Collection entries
● ● ● ●

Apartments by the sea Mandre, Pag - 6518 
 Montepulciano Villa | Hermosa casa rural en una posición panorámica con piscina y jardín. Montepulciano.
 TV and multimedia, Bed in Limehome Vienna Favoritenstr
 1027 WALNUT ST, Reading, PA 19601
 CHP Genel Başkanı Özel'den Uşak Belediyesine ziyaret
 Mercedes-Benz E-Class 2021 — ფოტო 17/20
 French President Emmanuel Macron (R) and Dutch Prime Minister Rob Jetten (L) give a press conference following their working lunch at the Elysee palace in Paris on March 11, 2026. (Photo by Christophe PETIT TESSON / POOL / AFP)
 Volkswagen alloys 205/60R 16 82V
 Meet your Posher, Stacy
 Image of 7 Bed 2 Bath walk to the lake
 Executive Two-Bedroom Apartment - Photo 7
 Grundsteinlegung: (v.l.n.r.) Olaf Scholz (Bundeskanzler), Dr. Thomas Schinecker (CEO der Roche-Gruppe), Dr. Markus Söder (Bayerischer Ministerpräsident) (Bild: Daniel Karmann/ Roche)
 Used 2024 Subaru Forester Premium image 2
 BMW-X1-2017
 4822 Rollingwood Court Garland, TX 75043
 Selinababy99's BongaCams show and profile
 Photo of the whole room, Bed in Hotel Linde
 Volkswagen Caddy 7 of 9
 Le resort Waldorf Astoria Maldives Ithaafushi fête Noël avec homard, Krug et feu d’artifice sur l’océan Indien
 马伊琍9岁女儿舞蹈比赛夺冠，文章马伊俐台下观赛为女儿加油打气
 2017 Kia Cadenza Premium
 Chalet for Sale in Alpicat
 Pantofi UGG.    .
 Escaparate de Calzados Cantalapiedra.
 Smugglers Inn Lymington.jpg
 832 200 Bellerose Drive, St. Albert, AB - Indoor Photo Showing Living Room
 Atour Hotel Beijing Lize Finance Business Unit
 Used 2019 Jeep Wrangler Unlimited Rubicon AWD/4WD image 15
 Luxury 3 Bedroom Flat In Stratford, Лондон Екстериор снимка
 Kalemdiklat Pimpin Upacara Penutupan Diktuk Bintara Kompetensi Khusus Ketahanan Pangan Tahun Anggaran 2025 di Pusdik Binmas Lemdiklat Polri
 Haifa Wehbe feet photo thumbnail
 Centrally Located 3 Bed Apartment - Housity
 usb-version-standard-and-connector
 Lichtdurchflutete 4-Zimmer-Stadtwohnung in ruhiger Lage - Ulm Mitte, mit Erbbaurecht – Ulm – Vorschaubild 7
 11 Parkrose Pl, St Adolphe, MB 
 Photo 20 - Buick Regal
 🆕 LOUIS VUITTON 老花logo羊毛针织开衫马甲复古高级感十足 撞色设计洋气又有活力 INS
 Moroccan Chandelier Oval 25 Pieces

● ● ● ●

• Task details:
For each line in the entries that holds "Hotel", return that line.

• Result below:
 Photo of the whole room, Bed in Hotel Linde
 Atour Hotel Beijing Lize Finance Business Unit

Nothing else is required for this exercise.